#### [PROBLEM]
Respond with exact copies of the lines running from the line that contains "(s/s) (140 ps A" to the end of the material.

#### [GIVEN RECORDS]
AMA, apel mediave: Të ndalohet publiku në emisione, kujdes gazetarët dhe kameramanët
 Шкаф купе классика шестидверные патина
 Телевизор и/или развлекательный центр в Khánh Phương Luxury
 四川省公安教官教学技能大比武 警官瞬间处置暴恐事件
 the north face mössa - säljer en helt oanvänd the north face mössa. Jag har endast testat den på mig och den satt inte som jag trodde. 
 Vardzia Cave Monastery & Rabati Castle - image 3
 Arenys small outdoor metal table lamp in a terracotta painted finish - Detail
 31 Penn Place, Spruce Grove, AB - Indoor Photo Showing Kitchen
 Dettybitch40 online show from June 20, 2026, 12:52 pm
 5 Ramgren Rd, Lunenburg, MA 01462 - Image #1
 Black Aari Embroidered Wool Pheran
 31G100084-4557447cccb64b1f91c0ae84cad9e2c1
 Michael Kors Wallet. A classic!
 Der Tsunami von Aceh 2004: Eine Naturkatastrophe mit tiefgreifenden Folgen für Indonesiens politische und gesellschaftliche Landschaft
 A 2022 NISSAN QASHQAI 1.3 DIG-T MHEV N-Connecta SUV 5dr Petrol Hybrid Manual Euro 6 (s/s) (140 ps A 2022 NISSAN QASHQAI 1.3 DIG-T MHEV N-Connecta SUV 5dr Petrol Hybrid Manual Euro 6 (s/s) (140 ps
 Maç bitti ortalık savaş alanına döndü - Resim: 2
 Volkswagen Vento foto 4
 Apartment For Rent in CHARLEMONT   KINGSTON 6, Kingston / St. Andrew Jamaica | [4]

#### [OUTPUT BELOW]
 A 2022 NISSAN QASHQAI 1.3 DIG-T MHEV N-Connecta SUV 5dr Petrol Hybrid Manual Euro 6 (s/s) (140 ps A 2022 NISSAN QASHQAI 1.3 DIG-T MHEV N-Connecta SUV 5dr Petrol Hybrid Manual Euro 6 (s/s) (140 ps
 Maç bitti ortalık savaş alanına döndü - Resim: 2
 Volkswagen Vento foto 4
 Apartment For Rent in CHARLEMONT   KINGSTON 6, Kingston / St. Andrew Jamaica | [4]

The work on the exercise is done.